I’m fighting with Visual C++ 6.0 and working on this app for Dr. M that is requiring, essentially, translation from old Borland classes to STL equivalents that I myself am not familiar with, since we used proprietary Advanced Placement classes in high school. I know, though, that with enough time and persistence, I can figure out the GUI and event managers in Visual C++ and get this thing running again. Why Microsoft couldn’t make this shit as simple as it is in Visual Basic, I don’t know. Probably since the code will always be the most important aspect for any C++ coder, while GUI design always came first when we did VB.

So that’s fun. These types of puzzles I like.

I had very little interaction with Bridget this morning, which also got my day off to a good start. That sounds bad, but things are at the point now where every conversation becomes an opportunity for both of us to get in as many snide snipe-y attacks as we can, and it’s just damn annoying, although I’m being just as vicious as she is. Add on to that her new tendency to interrupt whatever I’m saying with “Huh?” (a major pet peeve of mine) and her childish overcompensation for my one-time request for the air to be turned down a little by keeping the air off and the window open on windless days, and the less we see each other, the better. At least she’s suffering from that last more than I am, since I can always leave and do work in the Thorn office. But she’s burning even me out at night, making it difficult to sleep.

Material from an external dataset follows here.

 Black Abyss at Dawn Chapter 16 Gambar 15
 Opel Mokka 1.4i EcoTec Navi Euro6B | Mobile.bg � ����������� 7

So a lack of that, combined with a pleasantly social breakfast, started my day well.

Add on to this the extra time I’ve had to put on the clock this week at work due to long calls, and the little boost I can expect on the early-summer paycheck.

Then there’s the fact that I’m not rushing to finish Calculus homework because I got it done all this weekend–before the lesson was taught. At the beginning of the term, I expressed doubt that I would enjoy Calculus on the basis of a math major‘s suggestion. I officially sit corrected. I don’t know if it’s just because I’m finding all this stuff ridiculously easy, but it’s kinda fun, even if it doesn’t really seem to have practical applications. I do feel like quite the tool when I get a kick out of (or simply breeze through) working some double integration problem while the perpetually-confused alky sitting next to me gives me this look of complete horror as she stumbles to find the limits of the region. But that’s okay. I suspect it’ll catch up with me in the three friggin’ math courses I have fall of next year (Differential Equations, Discrete and Combinatorial Algebra, and Statistics, all one hour right after the other, no breaks.)

Then there’s the fact that my roommate situation next year is looking up. The rooms in the residence hall I’ll be living in have ridiculously high ceilings, so Hillary and I are going to buy a deck that turns the room into, essentially a split-level. There will be a single-level entry, then the room will have an upper level six feet off the ground that will be Hillary’s space, while I keep the ground floor. There will be separate lighting systems for nighttime working, separate space for friends/boyfriends/whatever, the floor space of the room practically doubles, and the setup is such that I won’t be in a cave even though I’m under the deck. It is a $50 to $75 expense I hadn’t planned on, but it’s worth it.

I’m finding myself keeping up with the news a lot more than I used to. I don’t read the newspaper so much, but I get RSS updates from several sections of BBC News. Add on commentary from Uppity-Negro.com (caustic and bitter, but enlightening) and (new on my list) The Liquid List, and I’m feeling kinda informed. And proud myself for actually being interested in something outside of my own little bubble, since I do tend to retreat into LissaWorld rather frequently. What my tenth grade world history teacher struggled to do for nine months, I finally do on my own with the help of a good syndication manager. Hmph.

I also got a good giggle out of “Living Down to a Low Standard“, a review of GNOME 2.6. The harshness of my review of this weekend’s show had nothing on this thing. Of course, I haven’t been a fan/user of GNOME in quite a few years, so I am both unqualified to judge the accuracy of the review and slightly pleased by it. I’m mean like that.

Off to a ridiculously early lunch and more classes.